## [RAW DATA]

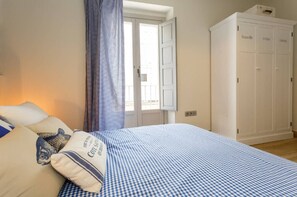 1 slaapkamer, een strijkplank/strijkijzer, gratis wifi, beddengoed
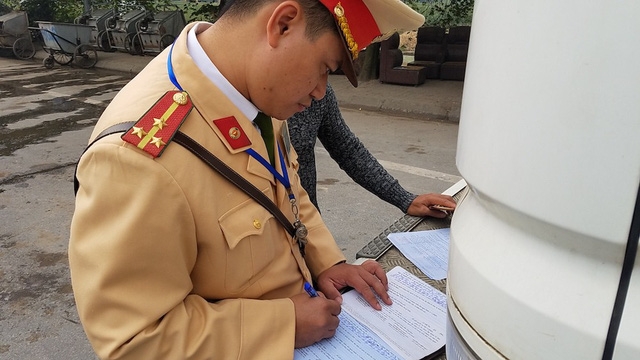 CSGT lập biên bản xe vi phạm giao thông.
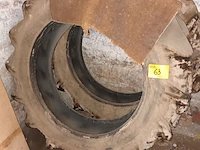 Lot 63 - tractorbanden. 2 stuks - afbeelding 1 van  3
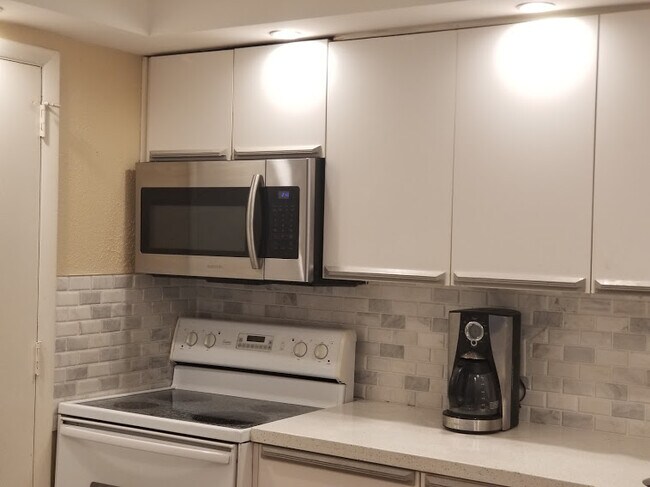 Building Photo - 305 N Pompano Beach Blvd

## [WHAT THIS TASK INVOLVES]
The material above must be set down word for word, with no picture carried over.

## [RESPONSE TO THE EXERCISE]
 1 slaapkamer, een strijkplank/strijkijzer, gratis wifi, beddengoed
 CSGT lập biên bản xe vi phạm giao thông.
 Lot 63 - tractorbanden. 2 stuks - afbeelding 1 van  3
 Building Photo - 305 N Pompano Beach Blvd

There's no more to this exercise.